Broccoli, along with its cruciferous cousins like kale, cauliflower, and Brussels sprouts, contains a potent compound called sulforaphane. This natural powerhouse activates antioxidant pathways and detoxification enzymes in the body, helping to neutralize harmful free radicals and significantly reduce inflammatory markers. Regular consumption of these vegetables is linked to lower risks of chronic diseases driven by inflammation. Steam, roast, or stir-fry broccoli lightly to maximize its sulforaphane content and harness its impressive anti-inflammatory capabilities.

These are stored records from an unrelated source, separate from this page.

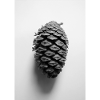 pinecone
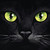:iconlightincatseyes:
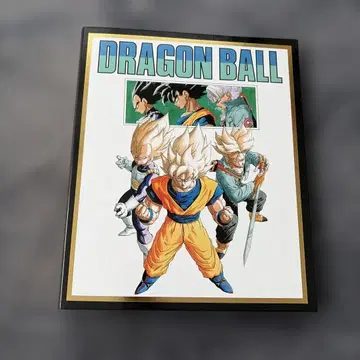 드래곤볼 40주년 카드 파일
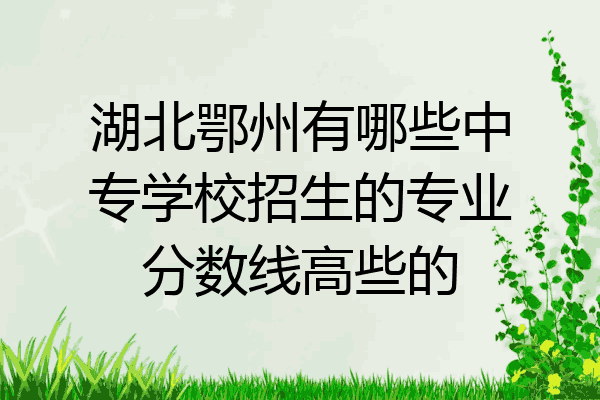 湖北鄂州有哪些中专学校招生的专业分数线高些的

14. Tomatoes: Lycopene Champions

Especially potent when cooked, tomatoes are bursting with lycopene, a powerful antioxidant responsible for their red colour. Lycopene is renowned for its ability to combat oxidative stress, a key driver of chronic inflammation. Studies link lycopene consumption to reduced levels of inflammatory markers and a lower risk of heart disease and certain cancers. Cooking tomatoes, such as in sauces or stews, actually increases the bioavailability of lycopene, making this versatile fruit (yes, it's a fruit!) an easy and effective addition to an anti-inflammatory diet.